I miss you every day, Andrew. Every minute of every day. I miss you in my sleep. I want to hear your voice in real time and I can’t. I am trying to learn to live with that but some days are ugly and I’m not sure if I’m recently sadder or if this is something else altogether. I don’t cry that much anymore and I think to myself “Well, that’s it. I’ve run out of tears” but then suddenly I start crying and when I do it’s a surprise reaction. Like “Oh, tears! There you are” and I’m not sure what that is. I think about you all the time but I don’t talk out loud about you all the time. Nobody wants to hear about anyone else’s children all the time wether they’re dead or alive and I get that. So I’m in this place where I know you’re not physically here with us but I also know you’re always with me and you’re not gone. I desperately want you to be here “experiencing” these moments of life we all cling on to here in the physical world but I know you can’t and never will again so I find myself living between a laugh and a tear.
I know it sounds crazy just the way that we live~ John Mellencamp ‘Between a laugh and a tear’
Between a laugh and a tear
Smile in the mirror as you walk by
Between a laugh and a tear
And that’s as good as it can get for us
And there ain’t no reason to stop tryin’
I see you in the spaces in between every little thing around me and I wonder if you see me.
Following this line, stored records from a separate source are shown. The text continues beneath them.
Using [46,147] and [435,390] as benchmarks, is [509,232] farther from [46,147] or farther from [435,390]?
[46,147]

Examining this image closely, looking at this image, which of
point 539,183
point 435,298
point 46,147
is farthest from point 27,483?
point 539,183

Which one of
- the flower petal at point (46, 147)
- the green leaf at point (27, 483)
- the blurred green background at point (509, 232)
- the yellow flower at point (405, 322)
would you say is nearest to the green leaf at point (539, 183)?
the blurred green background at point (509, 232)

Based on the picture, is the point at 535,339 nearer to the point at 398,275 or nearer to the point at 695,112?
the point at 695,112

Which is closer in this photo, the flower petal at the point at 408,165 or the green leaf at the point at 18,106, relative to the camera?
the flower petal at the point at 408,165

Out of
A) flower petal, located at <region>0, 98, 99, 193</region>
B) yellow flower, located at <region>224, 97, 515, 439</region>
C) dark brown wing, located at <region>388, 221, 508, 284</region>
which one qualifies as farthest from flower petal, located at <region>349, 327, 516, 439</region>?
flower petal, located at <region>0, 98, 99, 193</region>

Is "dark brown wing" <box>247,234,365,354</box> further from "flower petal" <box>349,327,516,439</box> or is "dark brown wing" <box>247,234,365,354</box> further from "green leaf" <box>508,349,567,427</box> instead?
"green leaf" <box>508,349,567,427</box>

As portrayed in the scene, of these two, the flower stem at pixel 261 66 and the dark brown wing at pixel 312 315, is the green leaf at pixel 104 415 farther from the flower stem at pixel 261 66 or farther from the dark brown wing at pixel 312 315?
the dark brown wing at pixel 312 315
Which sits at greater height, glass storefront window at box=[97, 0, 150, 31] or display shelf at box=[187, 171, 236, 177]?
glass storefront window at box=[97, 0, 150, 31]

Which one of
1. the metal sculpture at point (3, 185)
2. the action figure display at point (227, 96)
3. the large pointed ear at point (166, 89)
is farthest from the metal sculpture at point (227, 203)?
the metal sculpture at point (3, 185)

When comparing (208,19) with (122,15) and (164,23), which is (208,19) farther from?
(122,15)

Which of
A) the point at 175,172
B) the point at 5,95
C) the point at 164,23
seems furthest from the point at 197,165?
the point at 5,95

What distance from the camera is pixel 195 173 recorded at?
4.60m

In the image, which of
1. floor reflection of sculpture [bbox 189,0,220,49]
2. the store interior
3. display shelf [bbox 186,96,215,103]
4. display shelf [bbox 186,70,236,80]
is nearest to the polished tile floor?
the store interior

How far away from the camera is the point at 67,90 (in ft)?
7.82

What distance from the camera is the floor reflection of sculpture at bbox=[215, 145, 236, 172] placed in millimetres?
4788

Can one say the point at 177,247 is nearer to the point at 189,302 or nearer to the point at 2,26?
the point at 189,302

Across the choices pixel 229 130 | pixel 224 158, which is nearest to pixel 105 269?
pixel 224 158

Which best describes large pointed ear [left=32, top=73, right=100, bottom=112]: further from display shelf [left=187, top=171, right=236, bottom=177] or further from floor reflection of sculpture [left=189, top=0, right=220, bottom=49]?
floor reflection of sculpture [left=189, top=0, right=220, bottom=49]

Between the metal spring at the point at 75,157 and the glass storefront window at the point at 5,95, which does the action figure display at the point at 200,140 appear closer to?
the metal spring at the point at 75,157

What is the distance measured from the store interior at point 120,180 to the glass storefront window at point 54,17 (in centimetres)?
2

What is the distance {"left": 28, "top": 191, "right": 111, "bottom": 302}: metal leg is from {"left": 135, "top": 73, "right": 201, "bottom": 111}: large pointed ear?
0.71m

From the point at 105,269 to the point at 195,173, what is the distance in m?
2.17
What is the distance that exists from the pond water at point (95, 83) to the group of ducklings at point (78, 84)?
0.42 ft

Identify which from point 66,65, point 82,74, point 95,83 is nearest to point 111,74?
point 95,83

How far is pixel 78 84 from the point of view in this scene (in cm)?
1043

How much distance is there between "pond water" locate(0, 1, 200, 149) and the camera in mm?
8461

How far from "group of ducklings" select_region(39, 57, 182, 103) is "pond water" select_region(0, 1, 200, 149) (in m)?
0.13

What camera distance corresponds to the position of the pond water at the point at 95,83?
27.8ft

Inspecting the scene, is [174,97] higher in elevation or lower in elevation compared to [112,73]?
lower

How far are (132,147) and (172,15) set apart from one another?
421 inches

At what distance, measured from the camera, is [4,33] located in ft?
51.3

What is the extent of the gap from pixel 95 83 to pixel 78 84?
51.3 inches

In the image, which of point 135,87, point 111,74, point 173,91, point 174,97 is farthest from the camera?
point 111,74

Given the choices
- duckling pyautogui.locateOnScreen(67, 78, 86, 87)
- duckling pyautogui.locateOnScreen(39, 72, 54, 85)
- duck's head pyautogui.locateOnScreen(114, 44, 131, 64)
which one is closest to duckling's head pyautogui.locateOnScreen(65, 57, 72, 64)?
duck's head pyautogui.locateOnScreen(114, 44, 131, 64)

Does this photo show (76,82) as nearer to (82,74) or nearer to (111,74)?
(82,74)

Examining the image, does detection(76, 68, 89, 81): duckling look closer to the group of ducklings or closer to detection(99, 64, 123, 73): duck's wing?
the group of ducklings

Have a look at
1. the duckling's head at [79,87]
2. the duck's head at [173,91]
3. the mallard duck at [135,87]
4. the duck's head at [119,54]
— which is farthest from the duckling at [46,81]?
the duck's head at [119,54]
I hear your laugh and I miss you calling me and saying “Hey momma…” You wouldn’t remember the time I took you to the strawberry patch at Butler’s when you were about a year old. You sat with Papi and ate strawberries straight from the plant and I can’t stop seeing your sweet strawberry covered face. Your tender eyes would always find mine and there was a sense of relief when you realized I was “there”. The agony of waiting to feel that again with you is maddening some days and recently, I am struggling with that quite a bit.
Alec’s friend , Andrew (how crazy is that?!), got married yesterday and Alec was in the wedding. Jennifer said that was her first wedding she’d ever been to and I thought “wow….really?!” and then realized you never got to go to one. Because you died when you were just 22 tender years old. How could you have gone to a wedding at that time and now here we are in the place where Alec is going to weddings and you are not and most of the time I don’t give a fuck but then I start crying and that’s how we end up living between a laugh and a tear. I want to run and find you and tell you to just come on home.
I sincerely hope I don’t live to be 95 but I probably will and I’ll be in some memory care somewhere and no one will come visit me except your memory and I can’t figure out what the fuck I did wrong to end up in this fucking place for so damn long. I want to go to the spaces in between things some days and just stay there.
Maybe I’ll wake up tomorrow and 22 more years will have passed. I see you, Andrew-Baby. Do you see me?